Rugova defies convention to stay ahead in Kosovo

MOSCOW, Apr 1, 2000 -- (Reuters) A year ago, Ibrahim Rugova appeared smiling shaking hands on television with Slobodan Milosevic even though the people he represented were being terrorized by the Yugoslav president's security forces.

Since that meeting with Milosevic, Rugova - leader of Kosovo's long pre-eminent ethnic Albanian political party - has pursued various other actions that would also be conventionally associated with political suicide.

But Rugova's fortunes over the past 12 months fly in the face of Western wisdom.
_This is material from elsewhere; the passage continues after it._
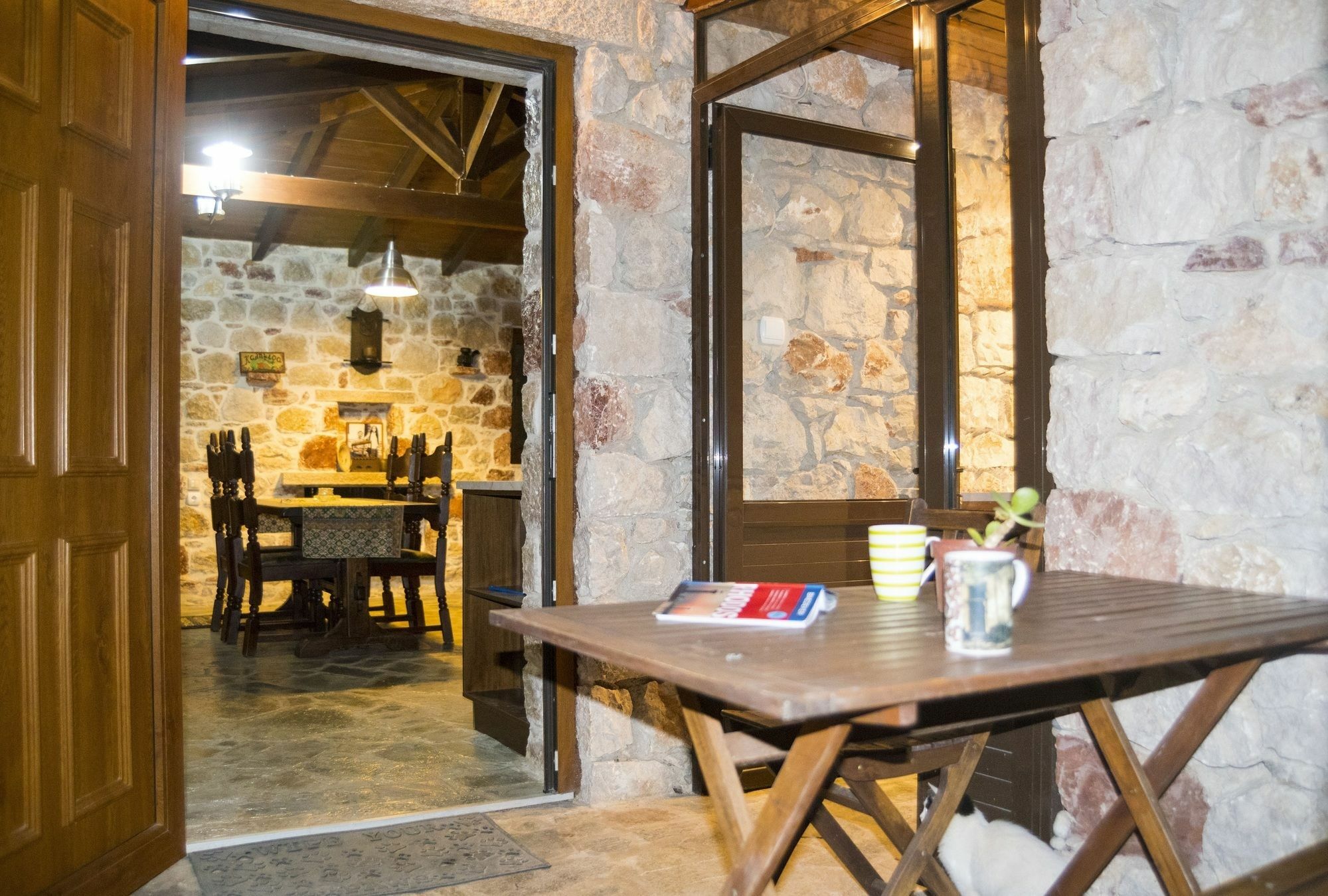 Stone House Villa Faliraki Exteriör bild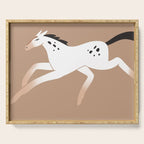 horse Serving Tray Gallery Image 1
The Sorbonne-educated academic still heads Kosovo's biggest political party and it enjoys a huge lead over all its competitors.

A poll conducted last month by Gallup for the NATO-led KFOR peacekeeping force gave Rugova's Democratic League of Kosovo (LDK) 45 percent support, more than 30 points ahead of the second-placed party led by his main rival, Hashim Thaqi.
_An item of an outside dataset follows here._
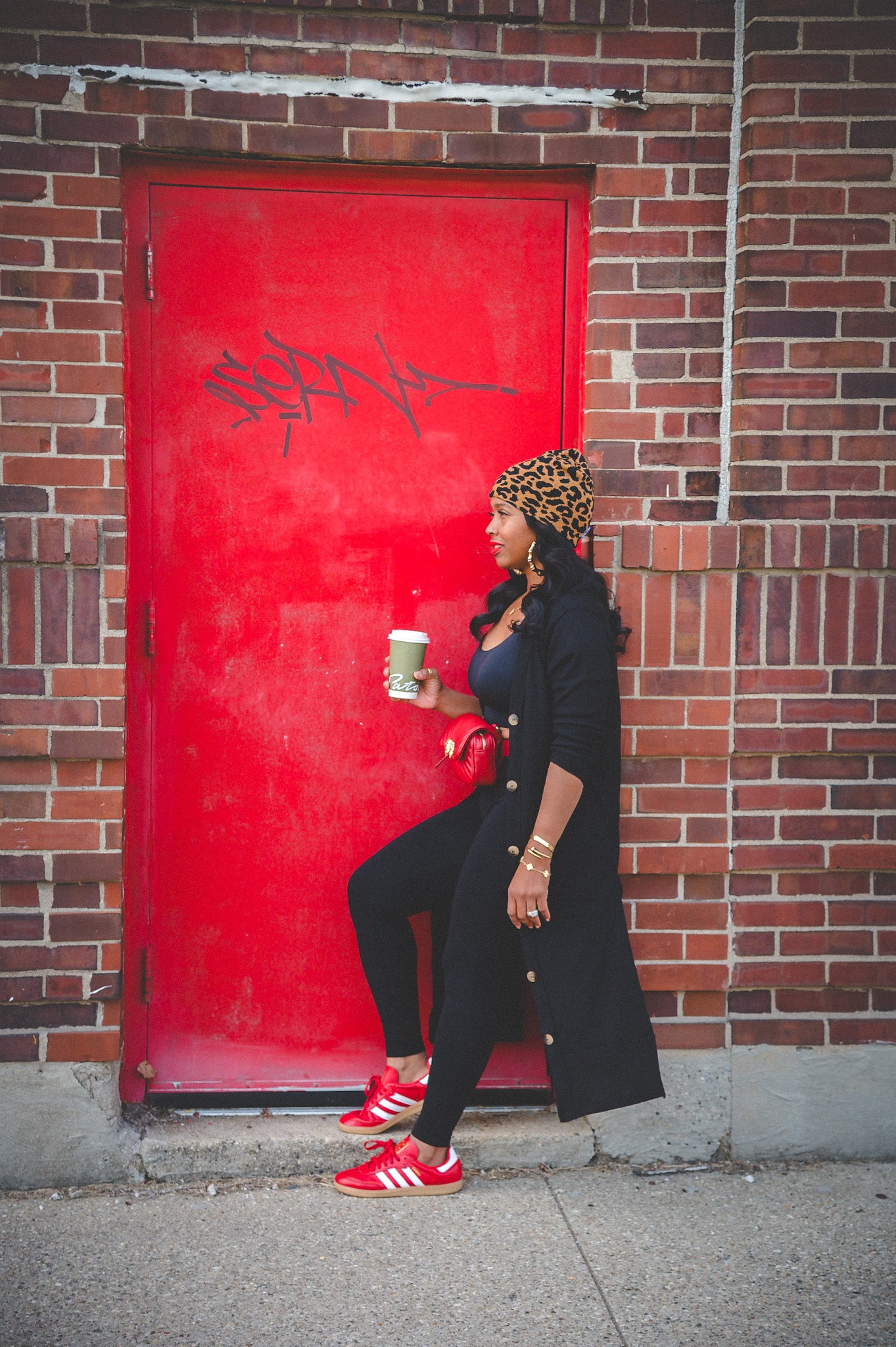 Cardi & Legging Set (up to size XL)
While no one is claiming political research here is an exact science yet, the survey was keenly studied by diplomats and officials looking for pointers to the outcome of Kosovo's first post-war elections, expected in October this year.
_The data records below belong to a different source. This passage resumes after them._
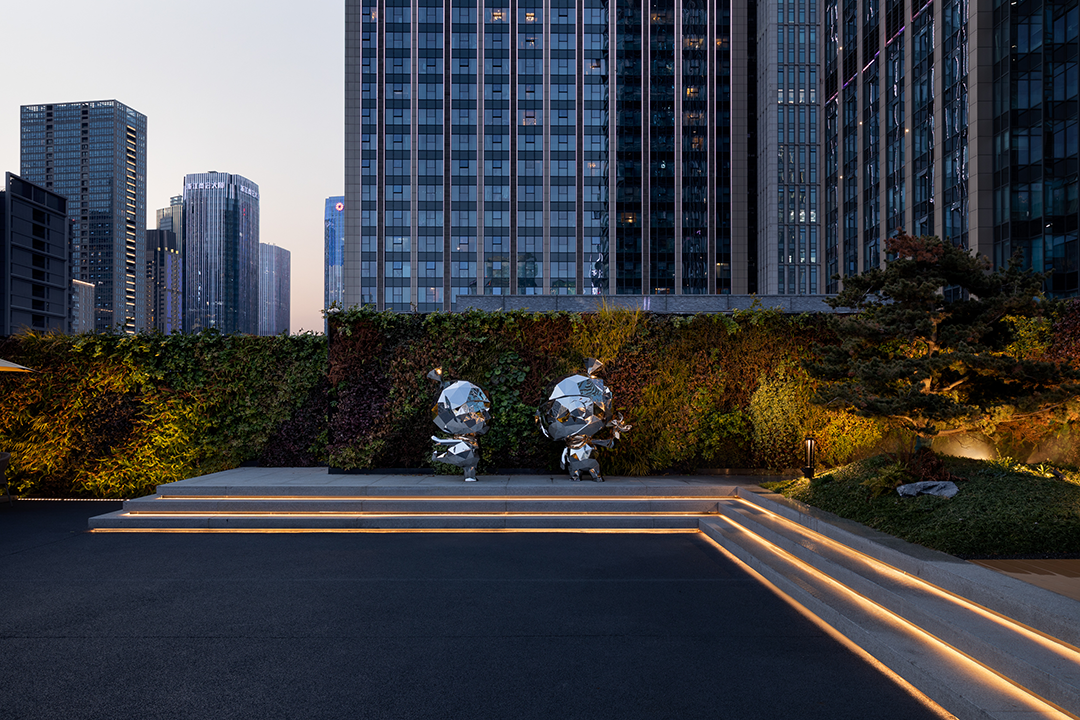 一席光影，半卷山水：空间内外的静谧美学-44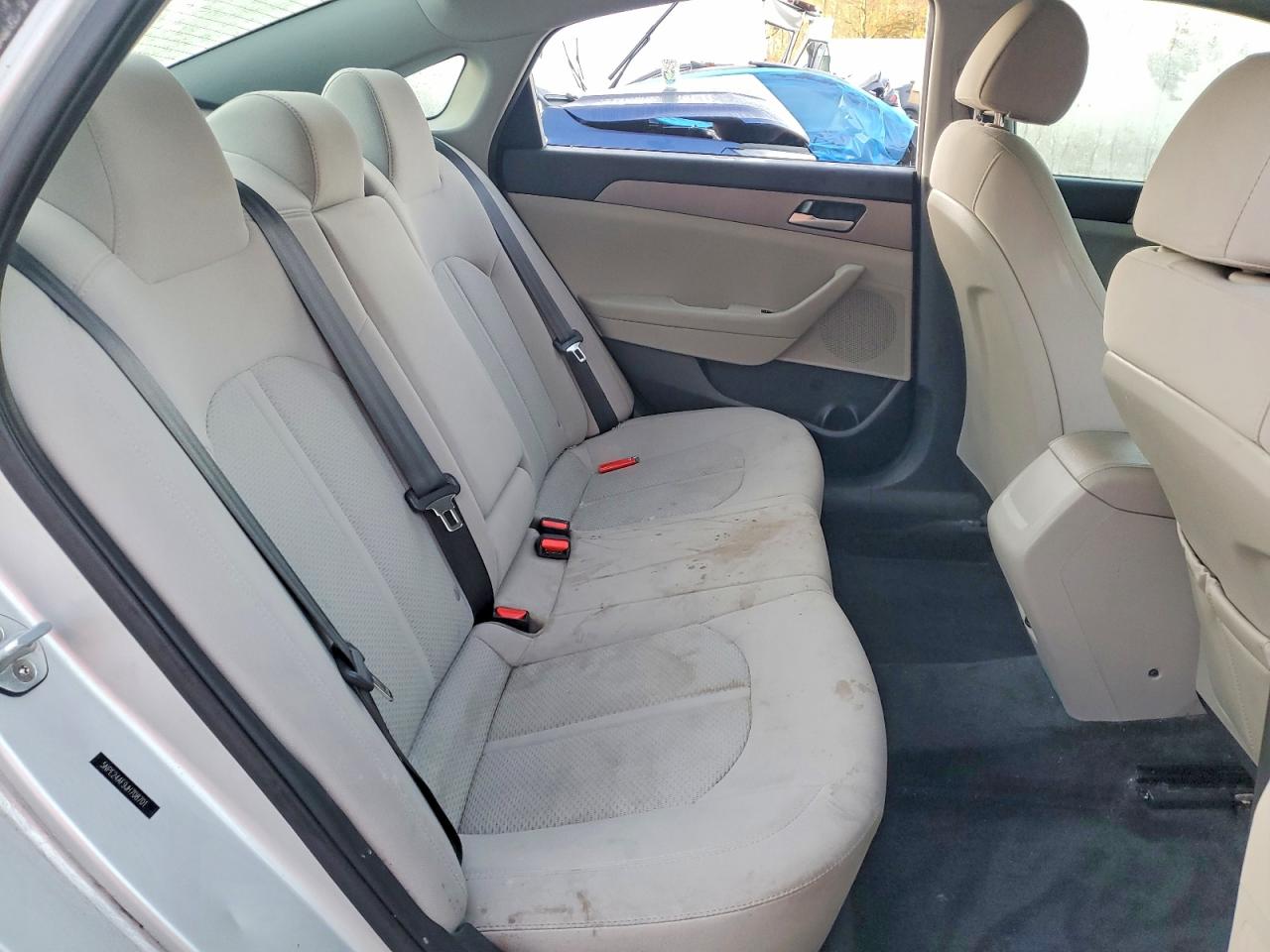 2018 HYUNDAI SONATA SE photo 10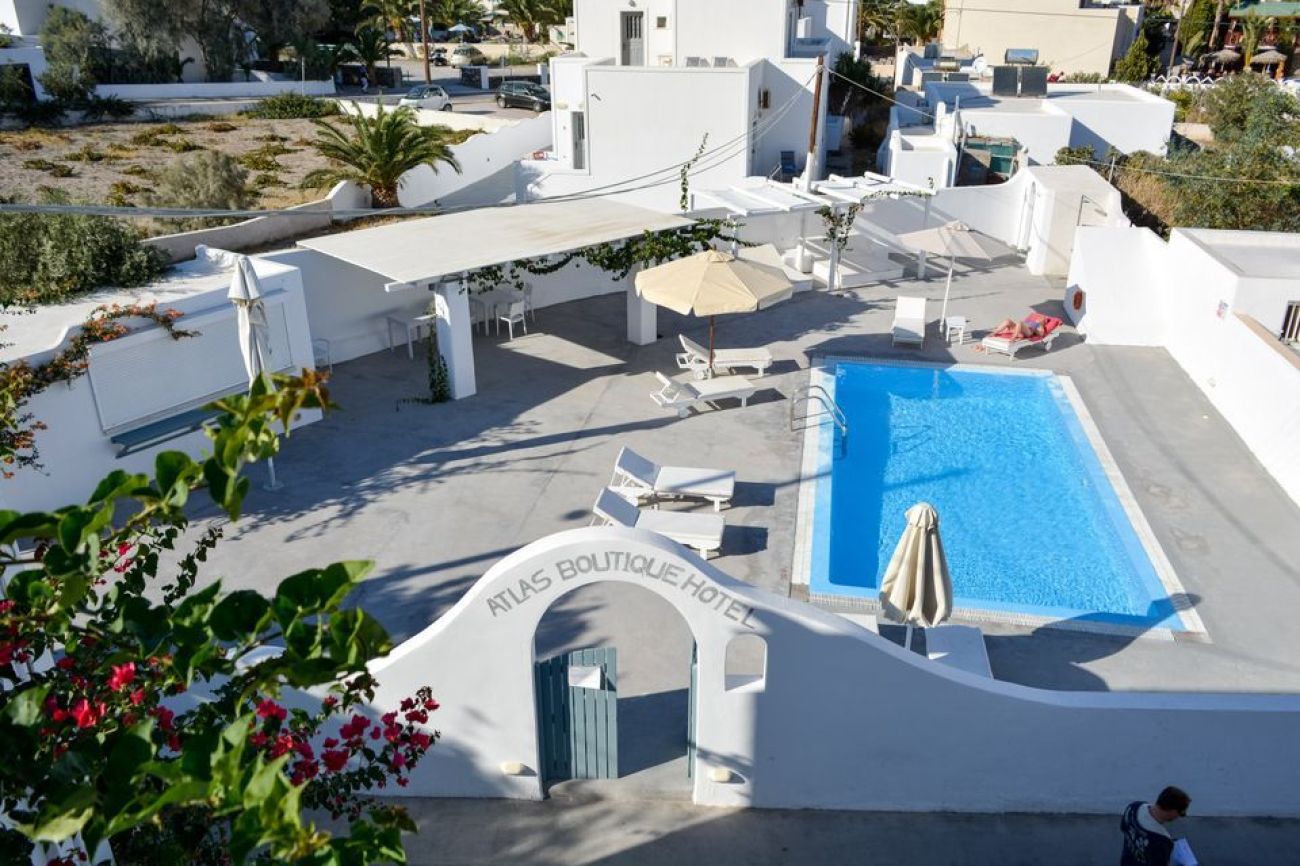 Atlas Boutique Hotel 3*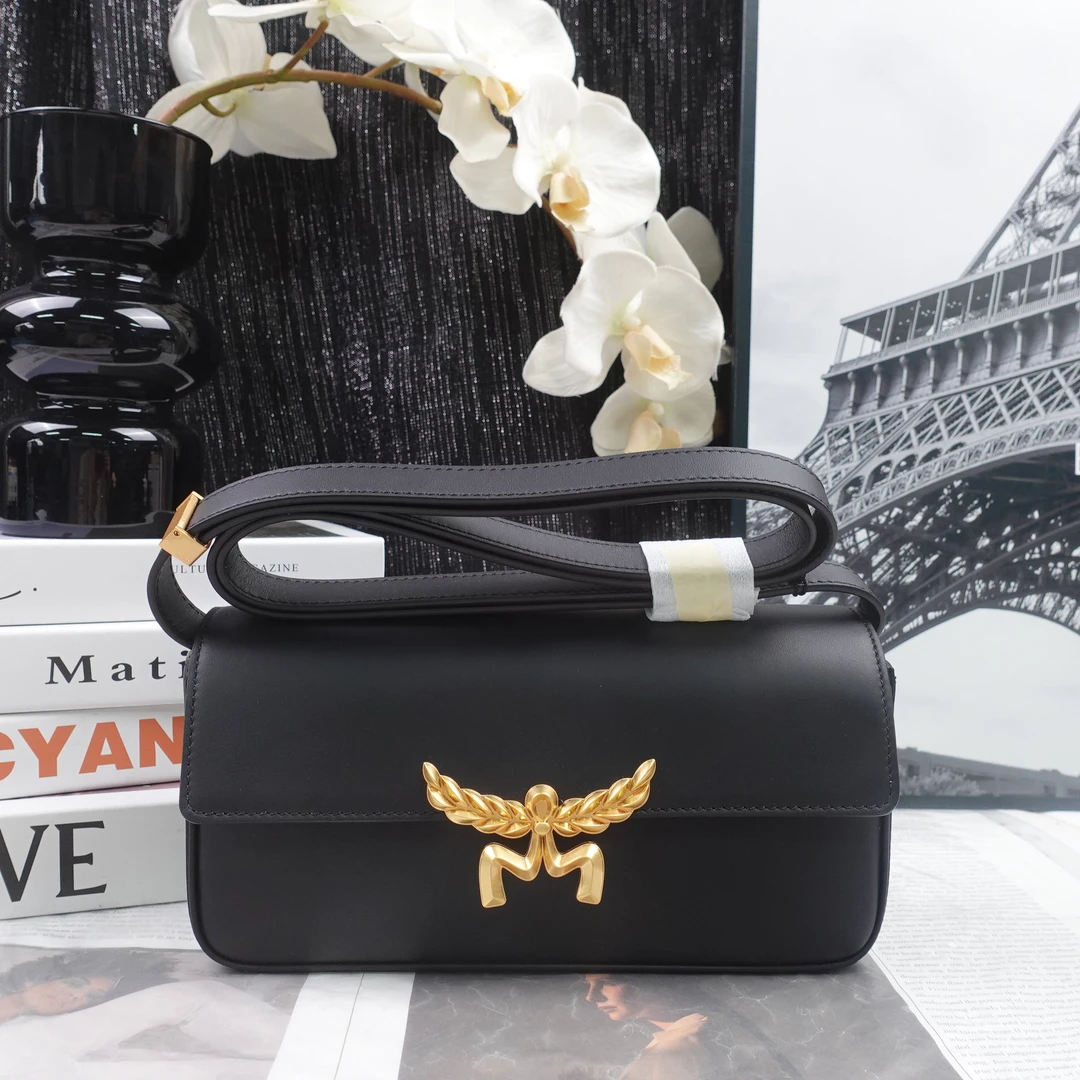 95新 MCM 单肩包/T10335346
Rugova's continuing popularity is quite an achievement for someone who has done no political campaigning since returning to Kosovo last summer, rarely even ventures out of his house, let alone the capital city Pristina, and seldom speaks to the media.

The youthful Thaqi enjoys a far higher public profile. He was a leader of the Kosovo Liberation Army, which broke with Rugova's 1990s policy of passive resistance to Serbian state repression.

The KLA began a guerrilla war in 1998 that prompted a brutal crackdown on Kosovo's Albanian majority, leading in turn to last year's NATO bombing which drove out Serbian forces and made the Yugoslav province a de facto international protectorate.


But while the KLA and Thaqi were feted for military success, diplomats and analysts detect a feeling among Kosovo Albanians that the LDK is better suited to peacetime politics and that they can forgive Rugova for his meeting with Milosevic.

Although Rugova has never offered much of an explanation for the encounter with the Albanians' nemesis, it seems clear he and his family were under de facto house arrest and he had little choice but to comply with Milosevic's request for a meeting.

"He's a professor, not a hero," said one Western diplomat, summing up the popular feeling about the LDK leader.

The LDK has also benefited from accusations - denied by Thaqi - that the KLA is widely involved in much of the organized crime and violence that has plagued post-war Kosovo.

"Maybe the people here trust Rugova to really bring peace," said another Western diplomat trying to explain the continuing success of the literary history specialist, who was elected president of Kosovo in an unofficial vote in 1998.

"People here want to live in peace. They don't want to be blackmailed. They don't want to pay protection money," he added.

As the province's main political party over the past decade, the LDK also has a formidable organizational network while Thaqi's Party for the Democratic Progress of Kosovo (PPDK) is having to build its structures largely from scratch.

Rugova's reclusive lifestyle has frustrated and perplexed some Western officials, who would like to see him take more of a lead in calling for an end to the violence and building up post-war institutions.

But others say he is simply staying true to his pacifist instincts and wants to avoid any confrontation which could raise the political temperature in the still-volatile territory.

"He doesn't want to rock the boat," one diplomat said. "He doesn't want to go out there and do anything stupid."

After all, if you're winning in the opinion polls without even campaigning, why risk a change of strategy?